For the opposition and colleges themselves to run the refrain of cuts is to ignore the more complex reality of current and future funding arrangements. And also, to suggest – as ever – that more money equals better. Yet, fewer colleges should surely incur fewer running costs, thereby protecting front-line college services. If that is not the case, then perhaps that should be the focus of everyone’s scrutiny.
And lost in the maelström of Mr Russell’s travails is the case for reform itself. Is change needed? In 2010, Scotland’s then 43 colleges provided learning opportunities for 47,630 full-time students and 267,777 part-time students. With just over 13,000 of them going to college directly from school – fewer, incidentally, than went to university. Part timers by definition do much of their learning by distance and through occasional forays on to campus. But each of Scotland’s colleges was providing a dedicated place to just over 1100 people. In a country of 5 million. This is niche learning in a sector which should be anything but.

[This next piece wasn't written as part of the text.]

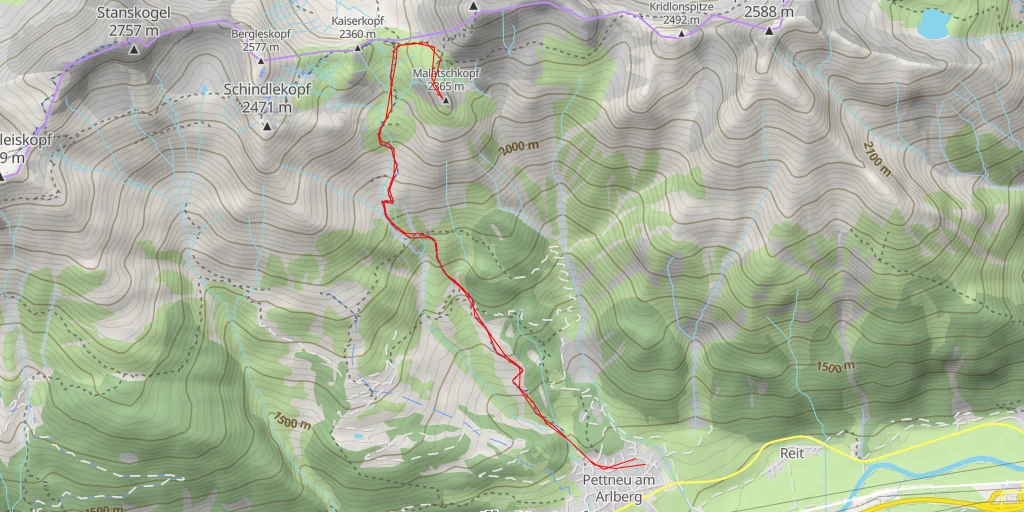 Map of the trail for Malatschkopf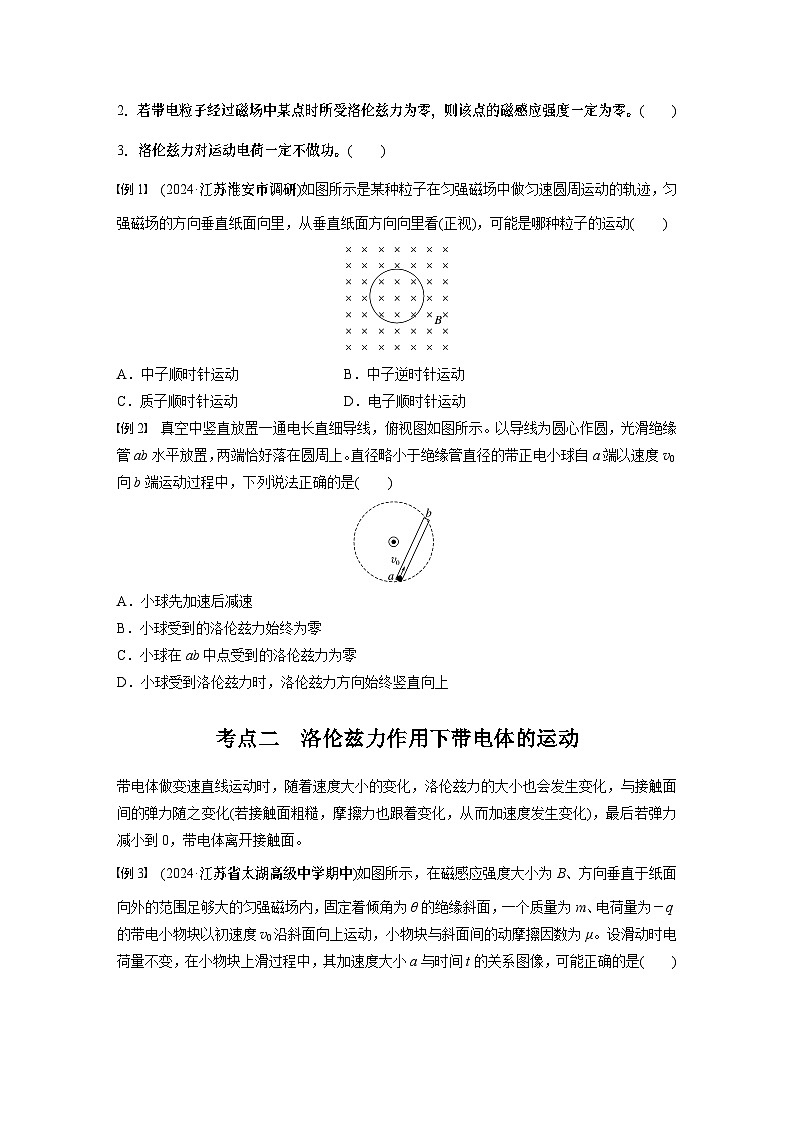 2025年高考物理大一轮复习 第十一章　第2课时　磁场对运动电荷(带电体)的作用 课件及学案02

Size would matter none if the quality was there. But there is very little quality control or indeed, consistency across the offerings in Scotland’s colleges. Within some parameters, they can teach what they like, and frequently do. An attempt in a work project a few years ago to map the early years’ courses available in Scotland created five pages of a bewildering array of qualifications. Few colleges taught the same courses leading to the same qualifications, with employers left, no doubt, to join the dots that someone proffering their HNC did indeed have the necessary skills and training to meet the competencies of the job.
In a small country, such an approach is unnecessary and wasteful. We do not need a Heinz approach to qualifications, what we need is assurance that every single supposedly full-time course is in fact, full-time – which is debatable – and that every single course leads to a recognised qualification which boosts employability and life skills. Moreover, colleges need to lead and not follow. A key role for further education is surely to future proof the nation’s skills’ needs. Are colleges currently generating a skills base among our young people which will set them fair, for life and work?
Who knows, for there are scant statistical sources available by which to determine the performance of our FE sector, in terms of outcomes for young people – especially our most vulnerable young people, those who have been looked after or have additional support needs. At least, on the Scottish Government website.
Which actually gives all the protagonists in this political soap opera a problem and suggests the Education Secretary’s toil and trouble might continue. If he cannot point to the need for reform to improve output and outcomes, the opposition will continue to fling mud about this being a cost-driven – and arguably worse, a class driven – reform. And mud sticks.